Task prompt: Word for word, retype each record shown below.

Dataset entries
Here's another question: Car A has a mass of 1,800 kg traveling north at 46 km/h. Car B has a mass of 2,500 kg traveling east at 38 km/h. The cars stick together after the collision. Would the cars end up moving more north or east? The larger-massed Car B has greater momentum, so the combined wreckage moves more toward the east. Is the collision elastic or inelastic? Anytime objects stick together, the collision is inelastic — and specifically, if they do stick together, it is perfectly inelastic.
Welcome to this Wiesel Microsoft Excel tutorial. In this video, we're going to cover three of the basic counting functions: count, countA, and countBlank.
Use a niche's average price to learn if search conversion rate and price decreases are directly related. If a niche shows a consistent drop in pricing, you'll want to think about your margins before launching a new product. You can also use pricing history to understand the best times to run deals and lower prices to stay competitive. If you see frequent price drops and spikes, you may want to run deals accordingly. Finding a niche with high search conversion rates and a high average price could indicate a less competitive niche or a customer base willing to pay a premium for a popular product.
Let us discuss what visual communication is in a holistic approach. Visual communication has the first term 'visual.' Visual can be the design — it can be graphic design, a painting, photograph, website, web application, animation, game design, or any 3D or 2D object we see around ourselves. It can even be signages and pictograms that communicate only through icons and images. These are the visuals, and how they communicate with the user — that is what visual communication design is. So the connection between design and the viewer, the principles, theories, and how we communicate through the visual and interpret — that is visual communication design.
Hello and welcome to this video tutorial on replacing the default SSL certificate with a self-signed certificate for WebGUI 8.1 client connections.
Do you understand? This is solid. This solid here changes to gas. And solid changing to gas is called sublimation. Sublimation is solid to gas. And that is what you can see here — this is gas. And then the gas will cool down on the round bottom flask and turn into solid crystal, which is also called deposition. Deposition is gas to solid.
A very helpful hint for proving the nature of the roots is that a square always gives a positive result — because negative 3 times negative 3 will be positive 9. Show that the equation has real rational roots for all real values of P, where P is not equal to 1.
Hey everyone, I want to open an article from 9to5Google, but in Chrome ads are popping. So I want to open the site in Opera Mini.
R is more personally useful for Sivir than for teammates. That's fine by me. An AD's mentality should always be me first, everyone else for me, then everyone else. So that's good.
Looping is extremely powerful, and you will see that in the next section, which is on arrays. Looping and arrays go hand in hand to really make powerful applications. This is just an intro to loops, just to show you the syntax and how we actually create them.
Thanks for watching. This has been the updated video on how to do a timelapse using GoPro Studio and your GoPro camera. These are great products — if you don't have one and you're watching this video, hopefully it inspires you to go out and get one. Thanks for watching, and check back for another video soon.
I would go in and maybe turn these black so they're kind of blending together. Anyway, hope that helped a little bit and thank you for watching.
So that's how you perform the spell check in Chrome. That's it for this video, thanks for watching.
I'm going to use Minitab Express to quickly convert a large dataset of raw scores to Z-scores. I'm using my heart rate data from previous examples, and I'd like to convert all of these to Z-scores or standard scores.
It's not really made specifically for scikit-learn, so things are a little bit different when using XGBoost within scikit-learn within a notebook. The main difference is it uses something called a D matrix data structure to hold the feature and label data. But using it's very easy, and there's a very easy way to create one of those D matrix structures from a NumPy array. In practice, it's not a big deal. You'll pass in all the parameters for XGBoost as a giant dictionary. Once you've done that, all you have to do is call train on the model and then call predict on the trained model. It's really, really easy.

Written response:
Here's another question: Car A has a mass of 1,800 kg traveling north at 46 km/h. Car B has a mass of 2,500 kg traveling east at 38 km/h. The cars stick together after the collision. Would the cars end up moving more north or east? The larger-massed Car B has greater momentum, so the combined wreckage moves more toward the east. Is the collision elastic or inelastic? Anytime objects stick together, the collision is inelastic — and specifically, if they do stick together, it is perfectly inelastic.
Welcome to this Wiesel Microsoft Excel tutorial. In this video, we're going to cover three of the basic counting functions: count, countA, and countBlank.
Use a niche's average price to learn if search conversion rate and price decreases are directly related. If a niche shows a consistent drop in pricing, you'll want to think about your margins before launching a new product. You can also use pricing history to understand the best times to run deals and lower prices to stay competitive. If you see frequent price drops and spikes, you may want to run deals accordingly. Finding a niche with high search conversion rates and a high average price could indicate a less competitive niche or a customer base willing to pay a premium for a popular product.
Let us discuss what visual communication is in a holistic approach. Visual communication has the first term 'visual.' Visual can be the design — it can be graphic design, a painting, photograph, website, web application, animation, game design, or any 3D or 2D object we see around ourselves. It can even be signages and pictograms that communicate only through icons and images. These are the visuals, and how they communicate with the user — that is what visual communication design is. So the connection between design and the viewer, the principles, theories, and how we communicate through the visual and interpret — that is visual communication design.
Hello and welcome to this video tutorial on replacing the default SSL certificate with a self-signed certificate for WebGUI 8.1 client connections.
Do you understand? This is solid. This solid here changes to gas. And solid changing to gas is called sublimation. Sublimation is solid to gas. And that is what you can see here — this is gas. And then the gas will cool down on the round bottom flask and turn into solid crystal, which is also called deposition. Deposition is gas to solid.
A very helpful hint for proving the nature of the roots is that a square always gives a positive result — because negative 3 times negative 3 will be positive 9. Show that the equation has real rational roots for all real values of P, where P is not equal to 1.
Hey everyone, I want to open an article from 9to5Google, but in Chrome ads are popping. So I want to open the site in Opera Mini.
R is more personally useful for Sivir than for teammates. That's fine by me. An AD's mentality should always be me first, everyone else for me, then everyone else. So that's good.
Looping is extremely powerful, and you will see that in the next section, which is on arrays. Looping and arrays go hand in hand to really make powerful applications. This is just an intro to loops, just to show you the syntax and how we actually create them.
Thanks for watching. This has been the updated video on how to do a timelapse using GoPro Studio and your GoPro camera. These are great products — if you don't have one and you're watching this video, hopefully it inspires you to go out and get one. Thanks for watching, and check back for another video soon.
I would go in and maybe turn these black so they're kind of blending together. Anyway, hope that helped a little bit and thank you for watching.
So that's how you perform the spell check in Chrome. That's it for this video, thanks for watching.
I'm going to use Minitab Express to quickly convert a large dataset of raw scores to Z-scores. I'm using my heart rate data from previous examples, and I'd like to convert all of these to Z-scores or standard scores.
It's not really made specifically for scikit-learn, so things are a little bit different when using XGBoost within scikit-learn within a notebook. The main difference is it uses something called a D matrix data structure to hold the feature and label data. But using it's very easy, and there's a very easy way to create one of those D matrix structures from a NumPy array. In practice, it's not a big deal. You'll pass in all the parameters for XGBoost as a giant dictionary. Once you've done that, all you have to do is call train on the model and then call predict on the trained model. It's really, really easy.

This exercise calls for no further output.